*** GIVEN MATERIAL ***

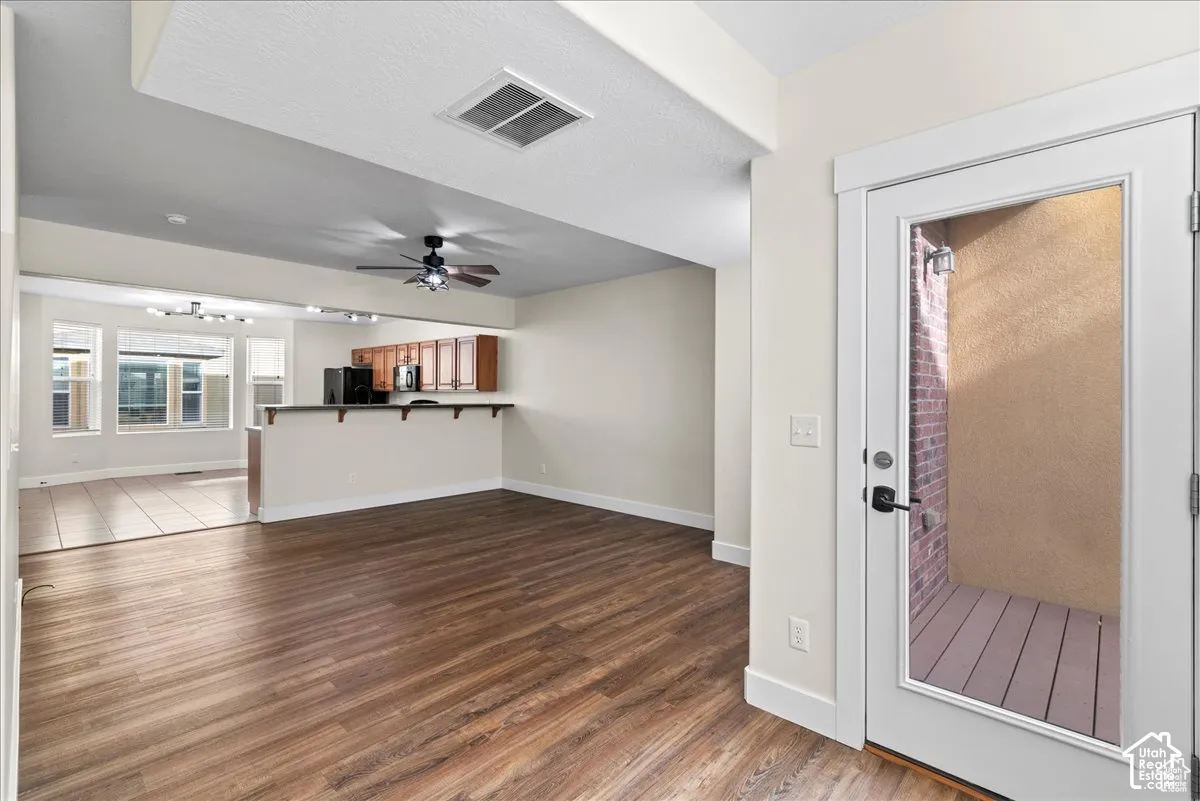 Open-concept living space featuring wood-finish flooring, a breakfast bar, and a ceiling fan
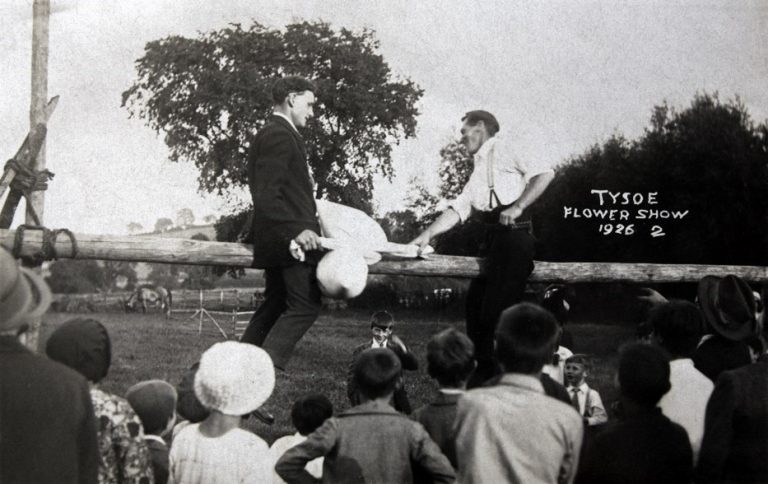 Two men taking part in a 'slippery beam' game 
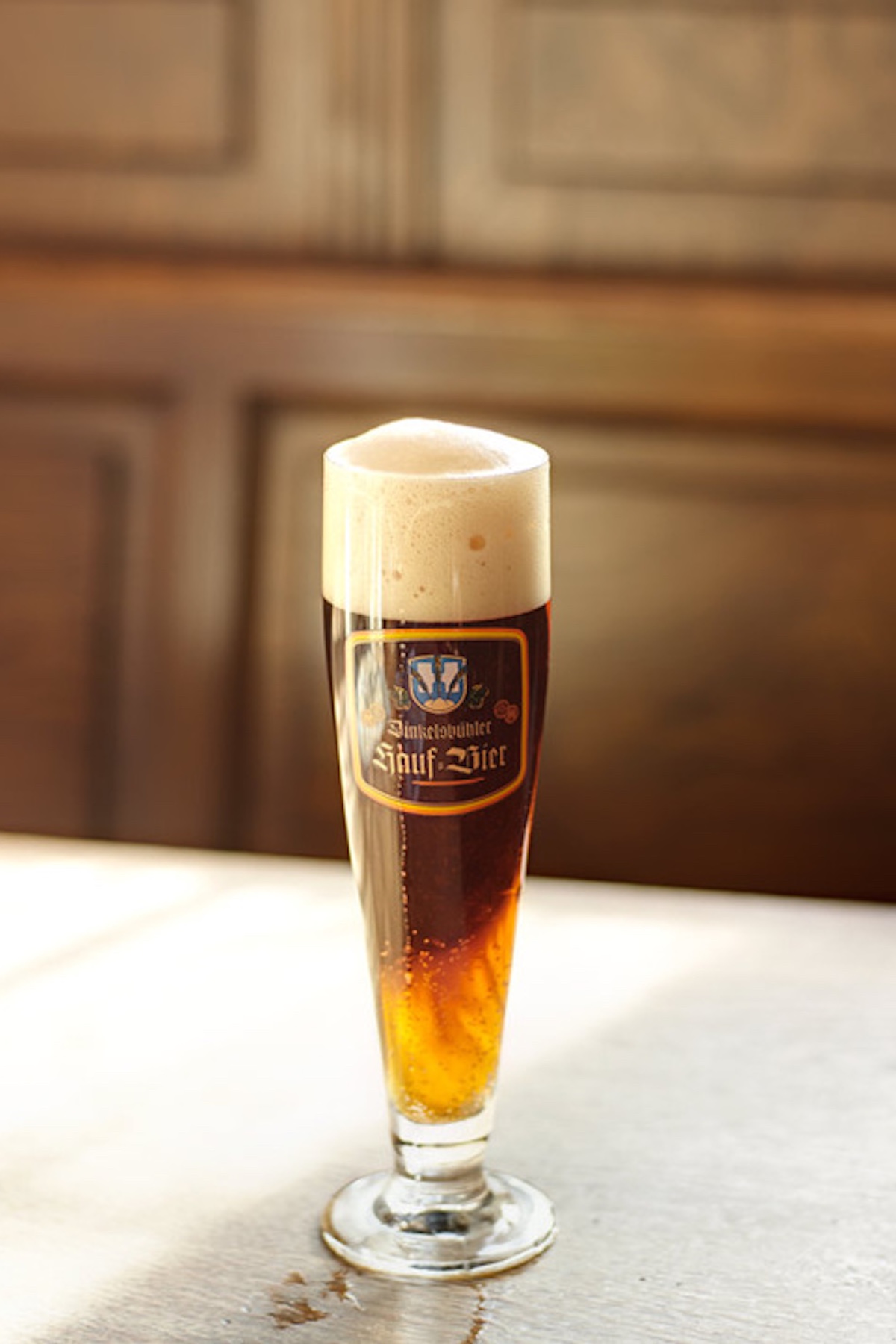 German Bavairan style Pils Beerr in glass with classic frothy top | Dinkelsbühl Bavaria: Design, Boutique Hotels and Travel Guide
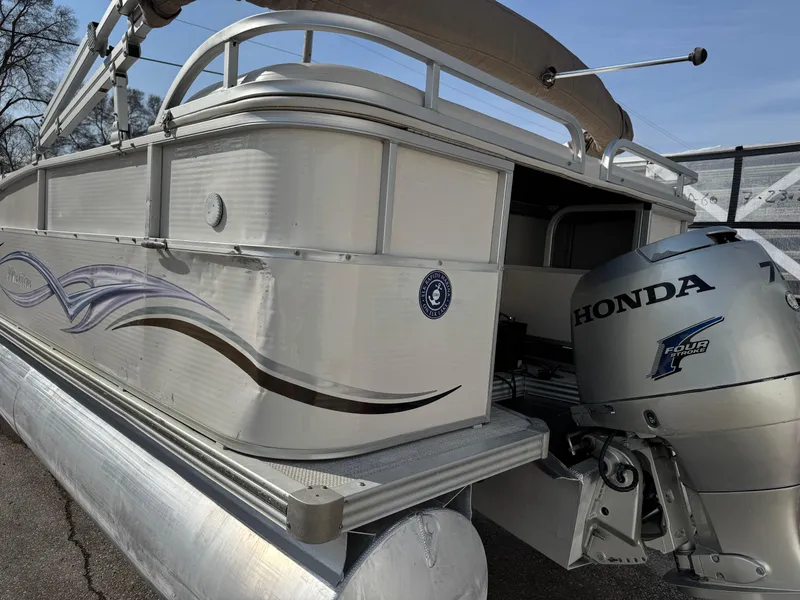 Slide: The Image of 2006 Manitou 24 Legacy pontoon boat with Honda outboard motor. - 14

*** End of GIVEN MATERIAL ***

EXERCISE AIM:
Once the pictures are set aside, please reproduce the remaining material word for word.

ANSWER TO THIS EXERCISE:
 Open-concept living space featuring wood-finish flooring, a breakfast bar, and a ceiling fan
 Two men taking part in a 'slippery beam' game 
 German Bavairan style Pils Beerr in glass with classic frothy top | Dinkelsbühl Bavaria: Design, Boutique Hotels and Travel Guide
 Slide: The Image of 2006 Manitou 24 Legacy pontoon boat with Honda outboard motor. - 14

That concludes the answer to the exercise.